Ants' shares, which traded below $1 in August, soared more than fiftyfold in four months, trading as high as 55 5/8 last week. They fell 7 1/2 to 26 1/4 in midafternoon trading today.
The company -- based since January in Hutton's Santa Barbara, California, home -- warned investors earlier this month that there is ``substantial doubt' about its ability to continue as a going concern. Its net worth was $136,130. The value of the Ants' 12 million shares today is $315 million.

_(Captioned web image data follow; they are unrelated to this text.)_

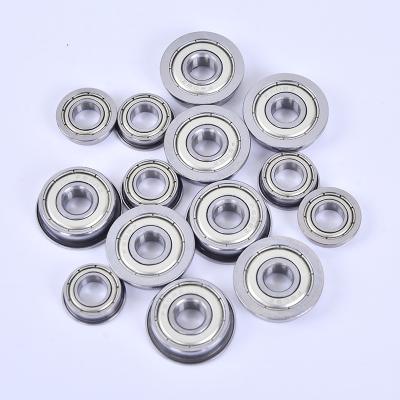 China Low noise miniature low price bearing 696zz 696z 6*15*5MM f696zz f696z flange bearing for sale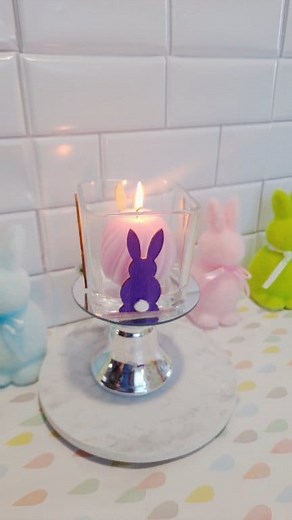 DIY EASY EASTER CANDLE HOLDER #decor #easyproject #dollartreediy | Dollardiylovers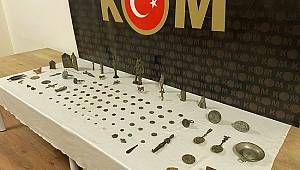 Tarihi eser operasyonunda 109 parça tarihi eser ele geçirildi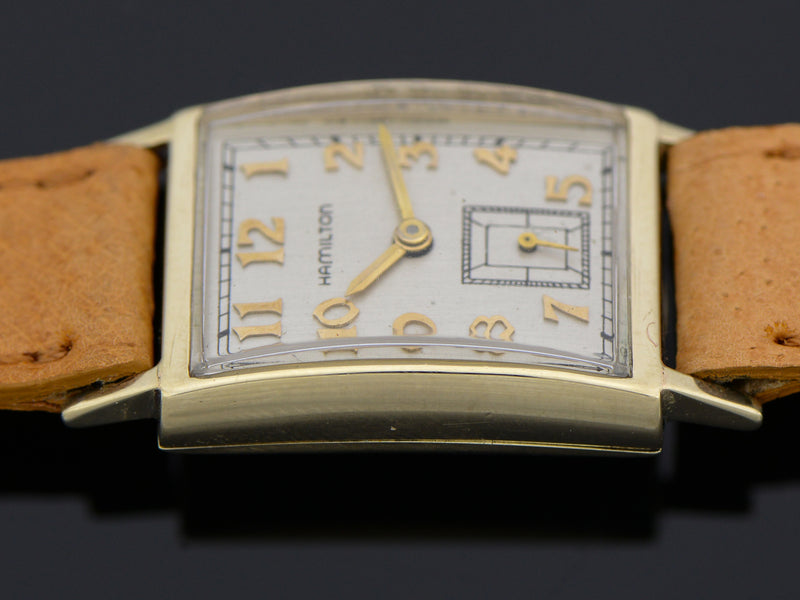 Hamilton 10K Solid Gold Brockton Vintage Watch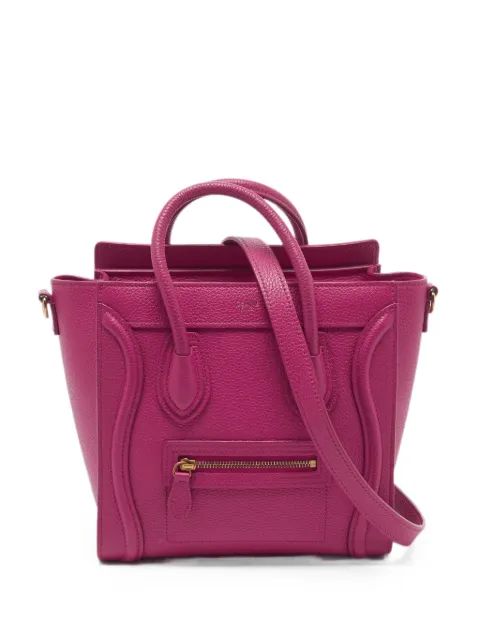 Celine Pre-Owned Nano Luggage tote bag Pink 1353341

``It's a casino. It has nothing to do with value,' said Hutton, describing the wide price swings of his stock. ``It's the damnedest thing I've ever seen.'
Ants says it has developed a way to speed up data processing. Twice before, its claims to have forged technological breakthroughs left investors disappointed after initial bursts of optimism.

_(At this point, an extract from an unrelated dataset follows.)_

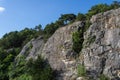 Ozark Cliffs and Trees Landscape Royalty Free Stock Photo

``We will increase the speed for the dissemination of data through existing software 1,000 times faster,' said Hutton, 63, standing under a basketball hoop on the driveway of the company's ocean-view headquarters. Hutton, who controls 3.3 million shares of the company, doesn't charge Ants rent for the space its occupies at his home on Santa Tersita Way.

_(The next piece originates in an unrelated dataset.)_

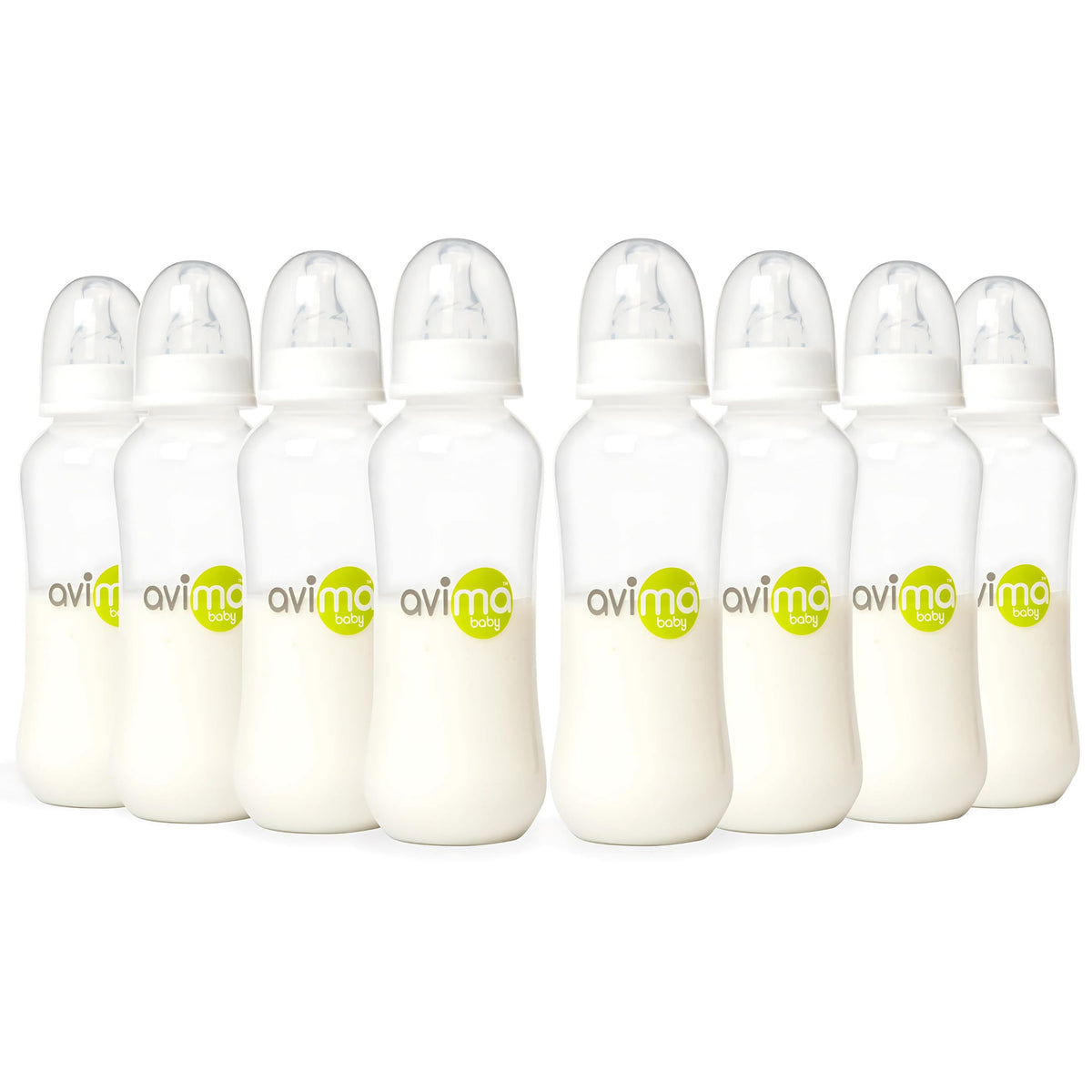 Avima 10 oz anti-colic bottle set packaging for organized feeding setup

ANTS stands for Asynchronous Non-pre-emptive Tasks.
Hutton said the company raised cash by selling about 500,000 shares for an average of about $9.60 a share over the past two months. The restricted stock was sold at various prices, in each case at about half the market price on the day of the sale, he said.
Orgins in Chopp Computer
Hutton's gold 1997 Cadillac displays the license plate ``ANTS 1." His red 1990 Chrysler convertible is ' CHOPP 2.' That reflects the company's change of its name from Chopp Computer to Ants Software.com on Feb. 12.
Hutton blamed Chopp's failure as a supercomputer company on false statements published in an investment newsletter.
In the mid-1980's the company's shares briefly soared on hopes for a supercomputer it said it was developing that would be 10 times faster than machines then available. The computer was never completed, and its share price collapsed. Meanwhile, it sued investors who in 1986 distributed false information about the company.
The company said it won a $30 million libel suit in 1990, but that its legal fees consumed the money it was able to recover.
``During that time, we determined there was no market for supercomputers, so that wasn't the place to be anyhow,' said Hutton. ``Our technology now is totally breakthrough stuff.'
The transformation from a computer hardware maker to a software developer hasn't been smooth.
In 1993, it licensed its CATS, or Communicating Atomic Threads technology to Mosaic Multisoft Corp. of San Diego. After getting the license, Mosaic claimed in press releases that the software could speed up typical applications programs 18-fold.
Mosaic's shares plunged from a high of 24 in 1995 to a recent price of 1.5 cents.
Ants cancelled the license after Mosaic failed to make payments, according to a filing by Ants with the Securities and Exchange Commission earlier this year.
In its latest quarterly filing with the Securities and Exchange Commission, Ants said it's delinquent in its income tax return filings. It added that since the company has never earned taxable income, it makes no provision for income taxes.
Ants' corporate publicist, Elias Argyropoulos, is a former stockbroker. He was censured, fined $200,000 and banned from the brokerage industry in 1995 after the National Association of Securities Dealers found that he engaged in ``manipulation and deceptive practices' as well as unauthorized trading in his customer's accounts.
Argyropoulos declined to comment on the NASD action.
``This has nothing to do with anything,' he said.